That self-flattering belief found its most complacent expression in Francis Fukuyama’s “End of History” thesis, in which liberal democracy marked “the end point of mankind’s ideological evolution”, and all that remained was for authoritarian societies to abandon their “pretensions of representing different and higher forms of society”.
It was in this self-satisfied milieu that Blair, then Prime Minister-in-waiting, declared in a 1996 speech to the Campaign for Freedom of Information that a Labour government would end the “obsessive and unnecessary secrecy which surrounds government activity”.
The Act that eventually emerged was less radical than the rhetoric that preceded it. Implementation was delayed for five years, and the idea that it would extend fully into Cabinet government was quietly abandoned. Nevertheless, section 1 still contained what one academic has described as a quietly revolutionary principle: “any person” making a request to a public authority — whether based in the UK or overseas — is entitled to be told whether the information is held and, if so, to have it communicated to them.

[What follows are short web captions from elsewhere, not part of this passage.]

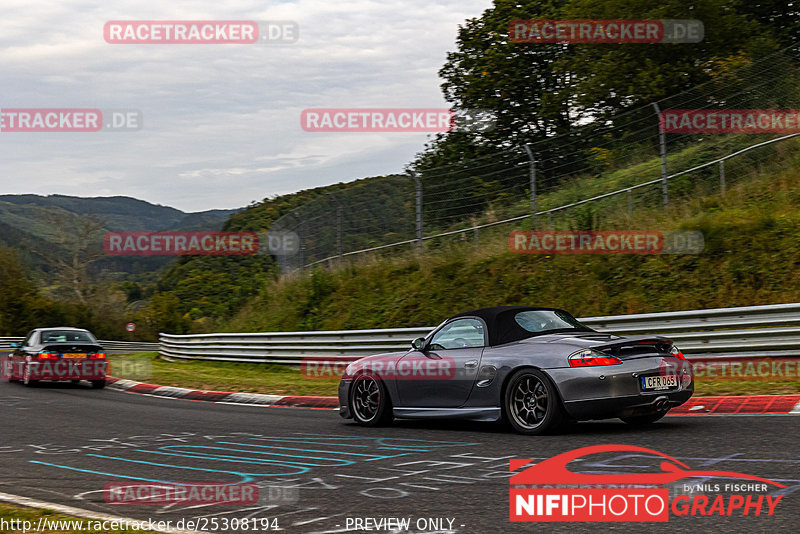 Bild #25308194 - Touristenfahrten Nürburgring Nordschleife (13.10.2023)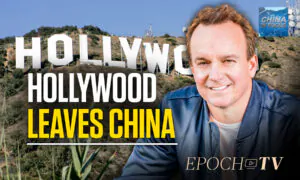 ‘The China Market Doesn’t Mean as Much as It Used to for Hollywood’: Chris Fenton on Tides Turning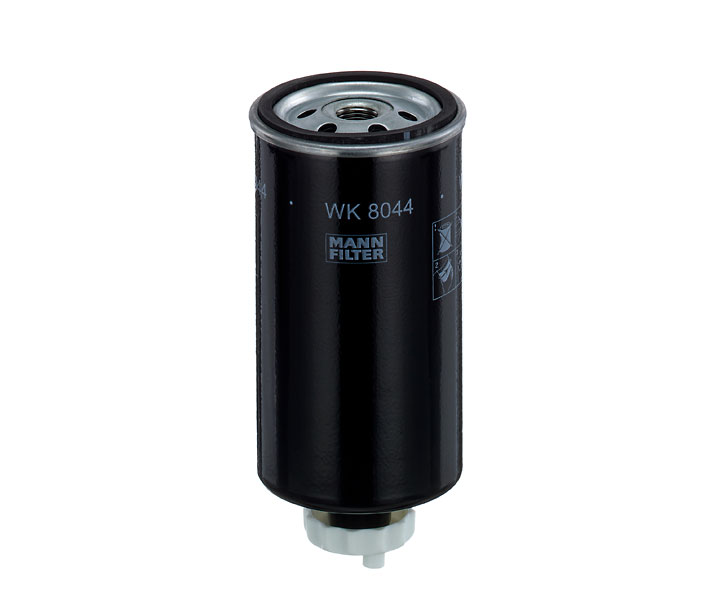 MANN-FILTER WK 8044 x Filtre à carburant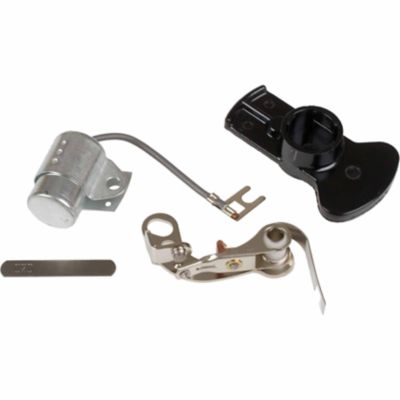Image showing  Tune Up Kit for Case, Massey Ferguson and Wisconsin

Yet disclosures released by the ICO under, ironically enough, FOIA reveal senior-level proposals that would significantly narrow that right. Notes from two meetings in March 2026 show ICO officials discussing FOI-related legislative questions with the Cabinet Office and other government officials.

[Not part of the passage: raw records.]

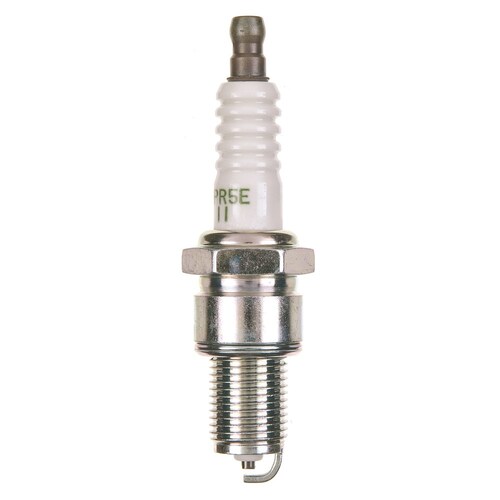NGK Resistor V-Groove Spark Plug - 1Pc BPR5E-11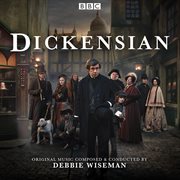Dickensian [original television soundtrack] cover image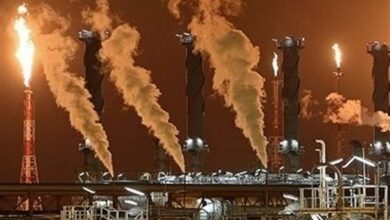 700 میلیارد تومان از حق آلایندگی خوزستان وصول شد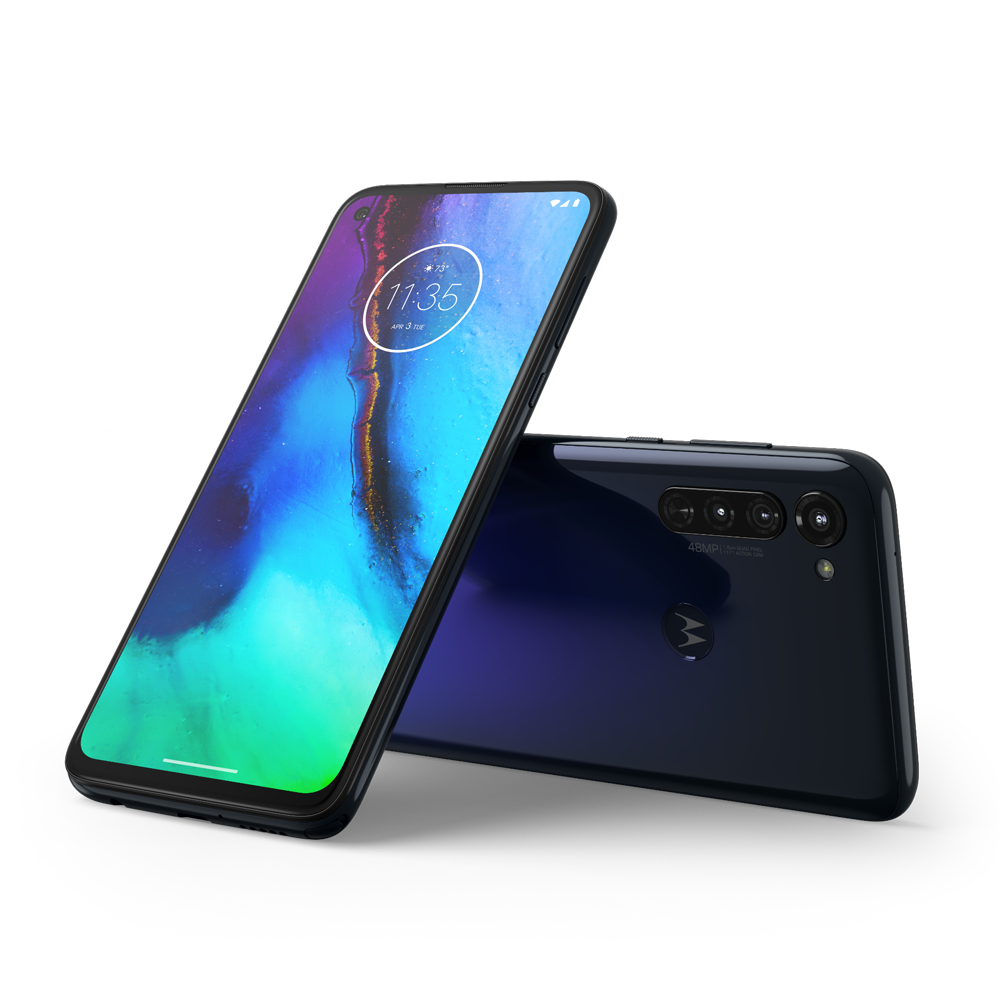 Motorola moto g PRO – image 5
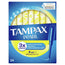Tampax Pearl Regular Tampons mit Applikator, 24 Stück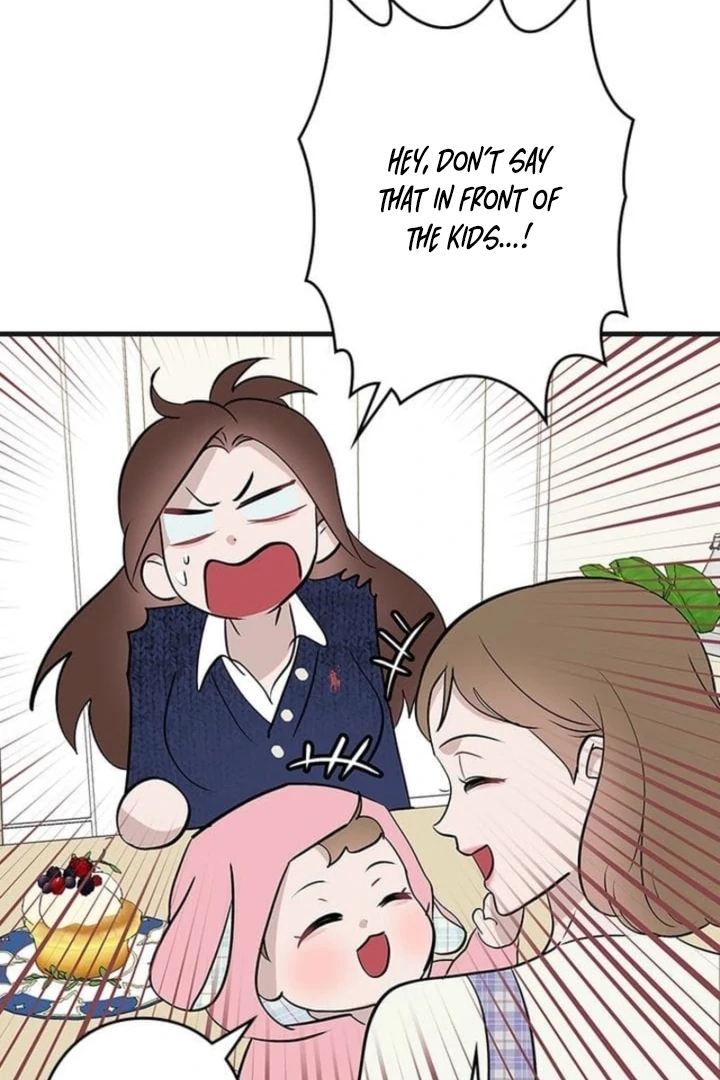 Love Is Unplanned Chapter 11 - Page 23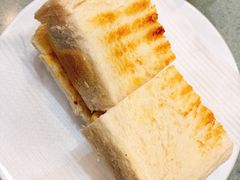 鮮油奶多-华嫂冰室(尖沙咀店)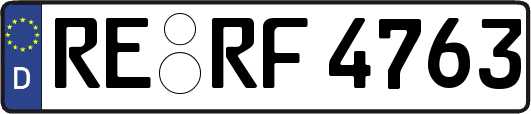 RE-RF4763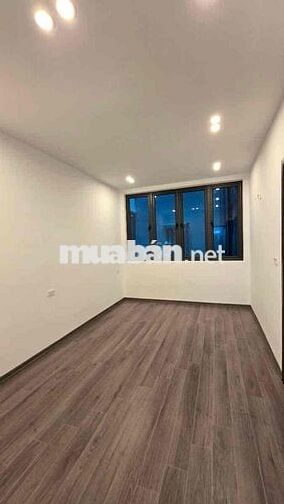 TRIỀU KHÚC 25/30M2 x 5TẦNG MỚI FULL NỘI THẤT • GIÁ CHỈ 6.5TỶ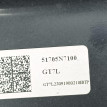 Кулак Hyundai Tucson 2023 51710N7000 NX4 G4FP, передний левый Hyundai Tucson 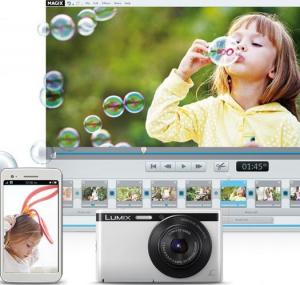 MAGIX Video Eeasy HD 5 - náhled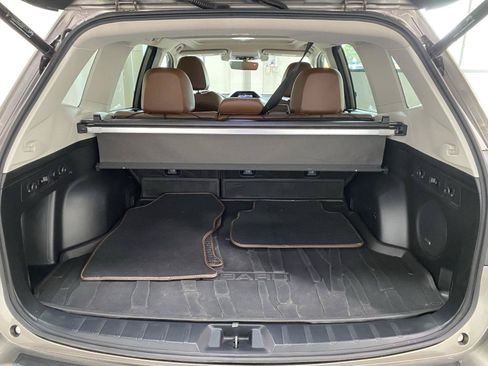 Used 2021 Subaru Forester Touring AWD/4WD image 15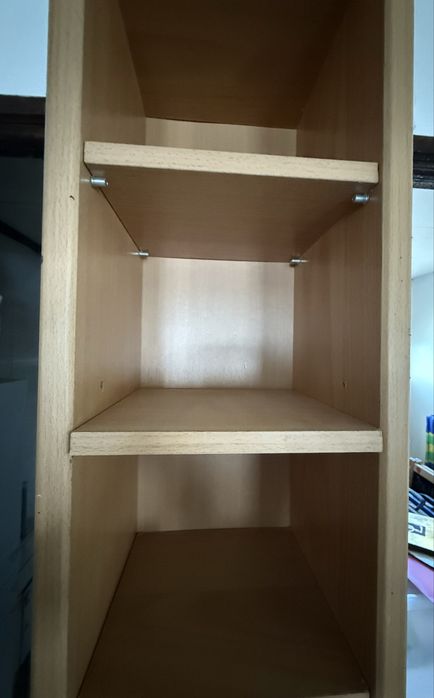 Movel para colocar CDS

An initial sign that reform was under consideration came on 18 March, when the Financial Times reported that ministers were exploring a reduction in the statutory cost ceiling under section 12 FOIA — in effect, lowering the point at which a public authority can refuse a request on the grounds that it would take too much time and resource to answer.
What the newly disclosed material suggests, however, is that other, similarly far-reaching ideas were also being discussed behind the scenes. Most revealing is a 6 March email to Warren Seddon, the ICO’s Director of FOI and Transparency, setting out an “initial suggested suite of provisions” aimed at “reducing the impact of requests… on public authorities and the ICO”, including requests that “have the effect of swamping [public authorities] and/or the ICO through their sheer number” or “contain significant superfluous … information/demands”.

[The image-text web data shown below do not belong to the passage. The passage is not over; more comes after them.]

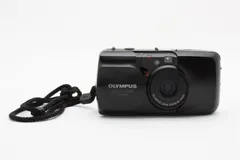 オリンパス OLYMPUS μ ズーム パノラマ フィルムカメラ ✨ジャンク✨ OLYMPUS|フィルムカメラ/μ ZOOM PANORAMA|HARDOFFオフモール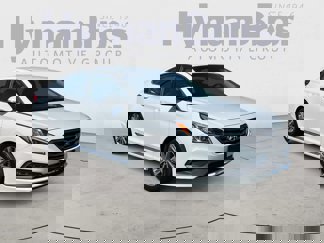 Used 2017 Hyundai Sonata Sport image 1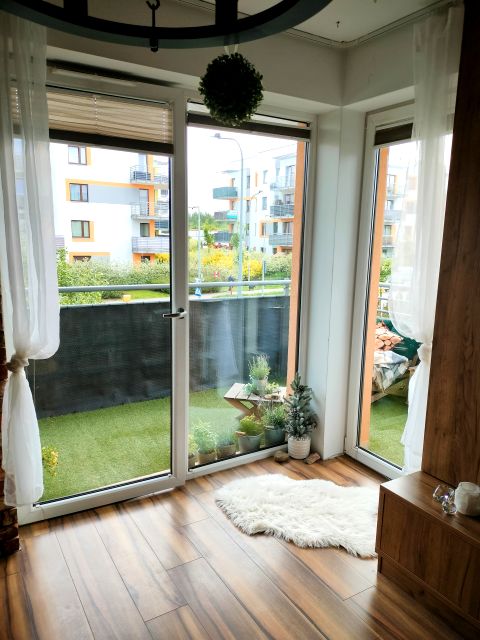 Mieszkanie Gdańsk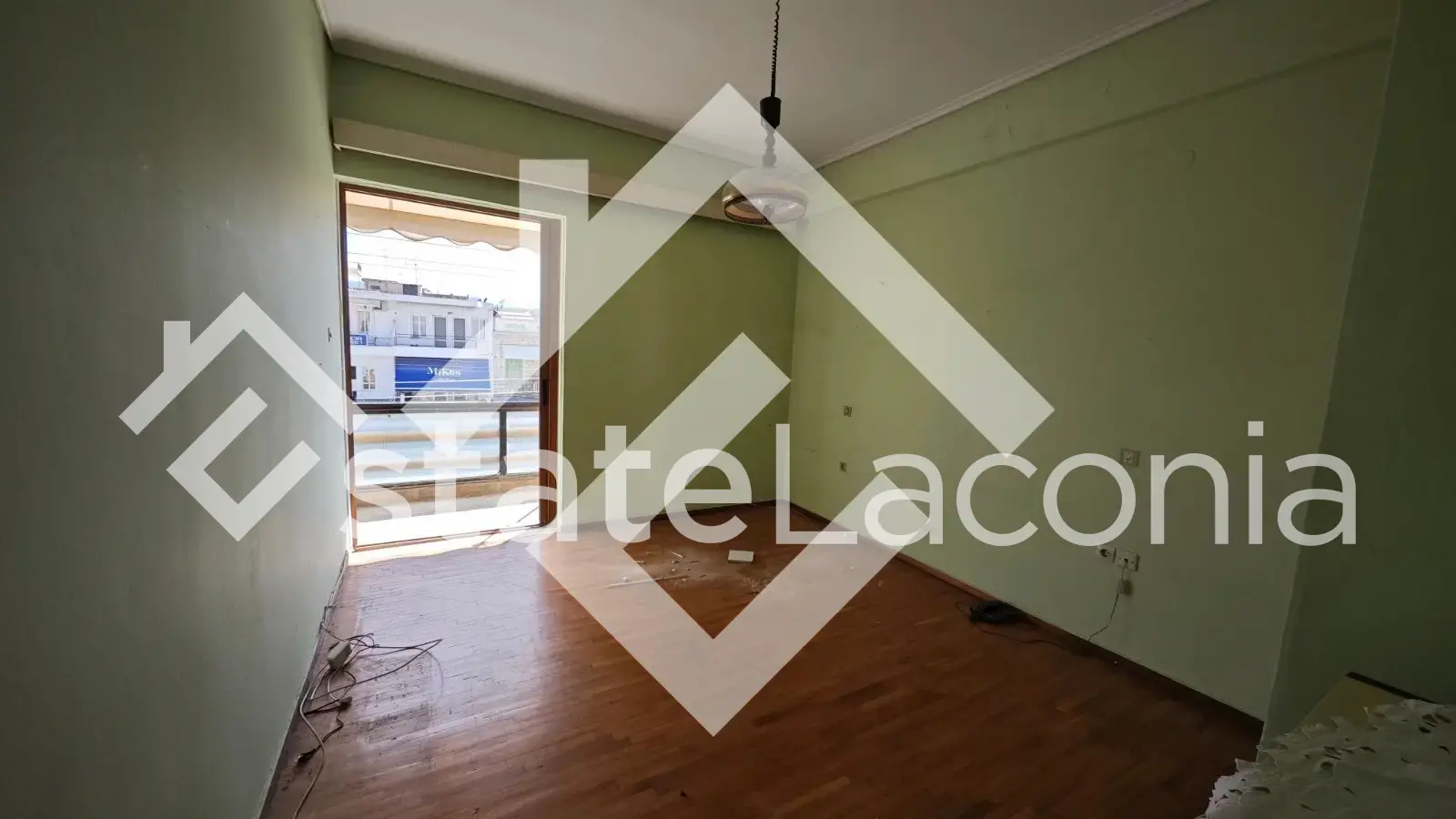 Apartment 130sq.m.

Considered purely from an administrative perspective, the logic is understandable. In 2025, monitored bodies received 94,526 FOI requests, a 14 per cent increase on 2024 — and the highest annual total since monitoring began in 2005 — prompting a great deal of hand-wringing about the ease with which AI-assisted requests can now be generated, as well as concerns that some may be unduly complex or based on hallucinated premises.
Looked at another way, though, might those figures not hint at something altogether healthier: a public increasingly willing to harness digital technologies to make fuller use of a right Parliament gave them to probe for themselves how public authorities actually make decisions? It’s certainly true that 34,807 of those requests were withheld in full or in part. But for just over a quarter that was simply because they exceeded the cost limit. Only 940 — a whopping 2.7 per cent — were withheld as vexatious.
But of course this is the sunnier, practically Rousseau-esque reading of the figures. Whether the ICO sees them in quite the same light is, on the evidence of the disclosed proposals, rather less clear.
One of the simpler proposals floated in the disclosed “suite of provisions” is that individuals be limited to five requests per public authority per year, where currently there is no numerical cap. You don’t have to be a hard-bitten investigative journalist to spot the problem: FOI research is often iterative. A requester may begin with a broad scoping request, receive a section 12 refusal, narrow the request, receive partial disclosure, and then submit further targeted requests arising from the material itself. Five requests will therefore rarely mean five investigations; it may not even cover two.
Equally troubling is the proposal that “individuals” themselves could be declared “vexatious”. Existing ICO guidance on section 14 FOIA — the provision dealing with vexatious requests — makes clear that public authorities may consider the wider circumstances surrounding a request, including repeated requests, disproportionate burdens on staff or aggressive correspondence. But that is still a judgment about the request, viewed in context, not a standing status attached to the requester.
Even assuming this power came with safeguards, how long would such a label follow someone once the circumstances that gave rise to it had passed? People may behave obsessively, aggressively or irrationally for various temporary or situational reasons. A parent repeatedly submitting hostile requests to an NHS trust following the death of a child, for example, may generate difficult correspondence. Yet it is far from clear that such conduct should harden into a lasting form of bureaucratic stigma that shadows future requests.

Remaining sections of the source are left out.